Verlieren Parteien Wahlen und erhalten sie dauerhaft schlechte Umfragewerte, kommt es zu Flügelkämpfen. In diesen wird die Forderung laut, man müsse eine Werte-Debatte führen. Zurzeit beobachten wir das in der Union. Erika Steinbachs Abstieg gilt als Beispiel dafür, dass die CDU ihren »konservativen Flügel« zu verlieren drohe. Was ist damit gemeint?

Wie schon der Name zeigt, ist »Konservativismus« ein defensiver Begriff. Es soll etwas gesichert werden, das durch die Zeitläufte bedroht sei. Diese Haltung entstand in der französischen Revolution. Der Feind war der Fortschritt, definiert durch Freiheit, Gleichheit, Brüderlichkeit. Die drei Gegenbegriffe waren – gemäß einer treffenden Charakterisierung durch Ernst Nolte – Ordnung, Differenz, Distanz.
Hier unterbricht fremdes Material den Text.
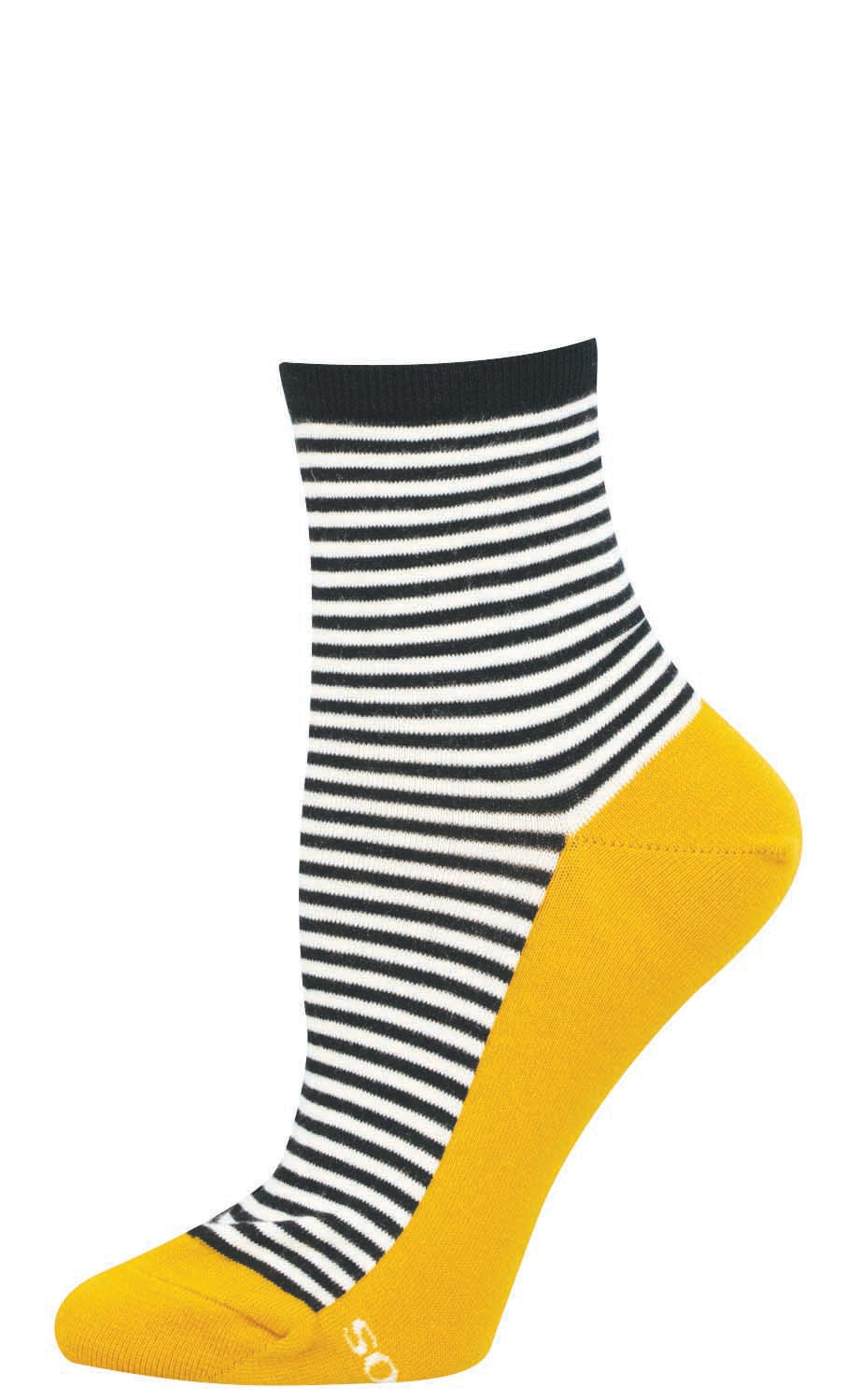 Socksmith SAILOR CONTRAST FOOTBED NOIR/OR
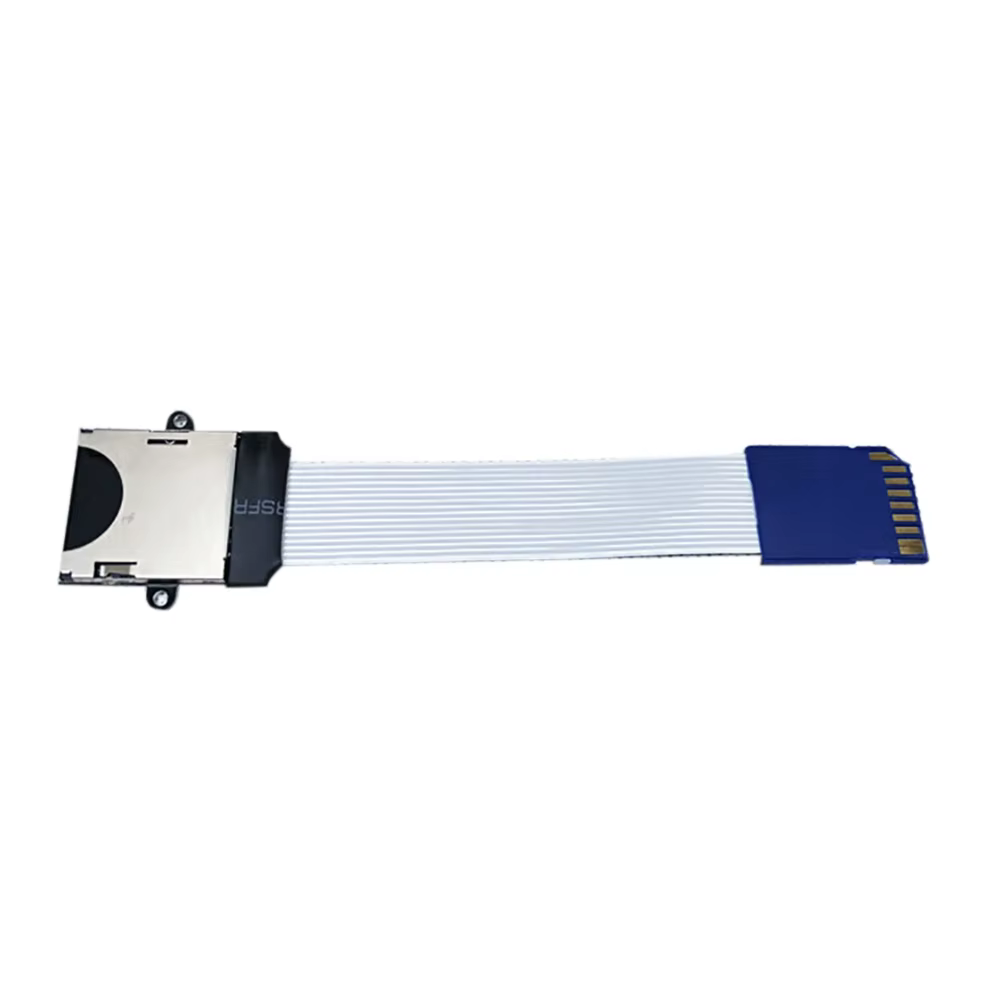 Câble d'extension de carte SD vers SD, adaptateur de lecture de carte, extension flexible MicroSD ve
Die Ordnung antwortete auf die Freiheit, die Differenz auf die Gleichheit, die Distanz auf die Brüderlichkeit.

Der historische Konservatismus war als Opposition stark in Perioden seiner machtpolitischen Schwäche: Wenn der »Zeitgeist« – auch er gehörte zu den Feindbildern – angeblich Gleichmacherei, den Sieg der Masse (noch ein Übel, das zu bekämpfen war) und Chaos hervorbrachte, waren die Distinguierten leicht identifizierbar.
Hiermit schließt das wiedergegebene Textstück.